=== Exercise ===
For this exercise, reproduce the records exactly as they stand and do not carry any images over.

Excerpts from a dataset:
_ _ _ _ _ _ _

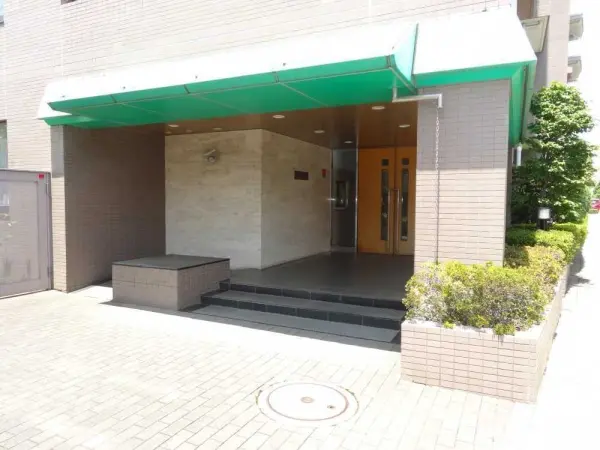 ステイツ府中けやき通り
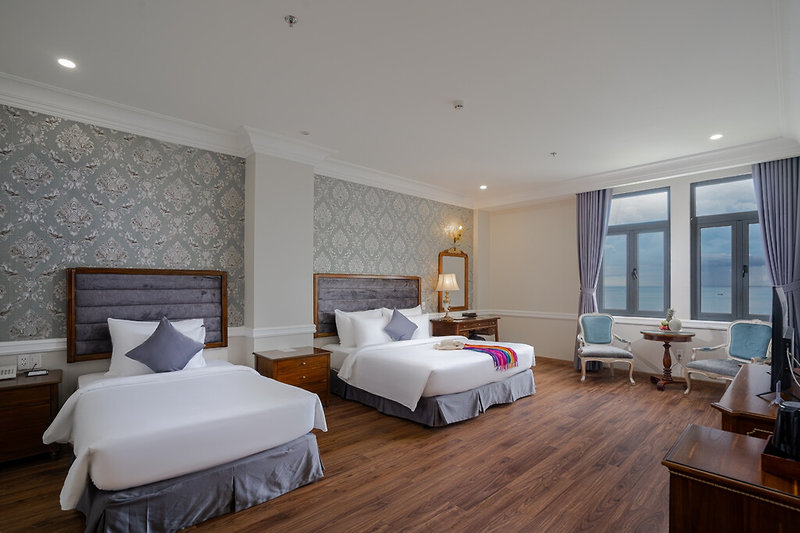 AVS Hotel Phu Quoc 6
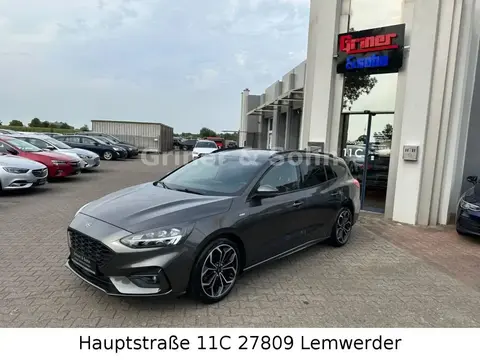 Used FORD FOCUS Petrol 2019 Ad 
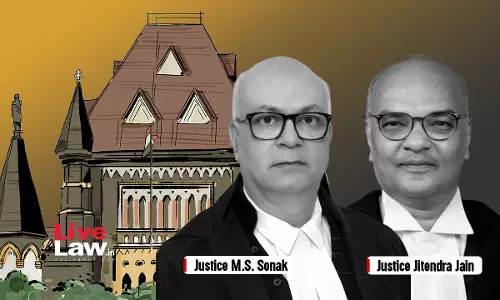 [GST] Reverse Charge Mechanism Notifications Denying ITC To Service Providers Are Constitutionally Valid: Bombay High Court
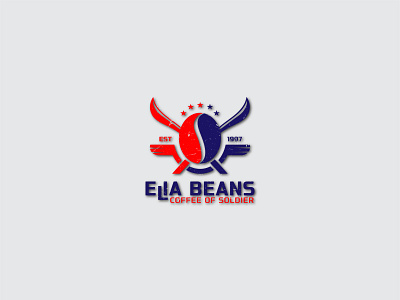 ELIA BEANS | COFFEE OF SOLIER | HOSSAIN MISHU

_ _ _ _ _ _ _

=== Solution to the problem ===
 ステイツ府中けやき通り
 AVS Hotel Phu Quoc 6
 Used FORD FOCUS Petrol 2019 Ad 
 [GST] Reverse Charge Mechanism Notifications Denying ITC To Service Providers Are Constitutionally Valid: Bombay High Court
 ELIA BEANS | COFFEE OF SOLIER | HOSSAIN MISHU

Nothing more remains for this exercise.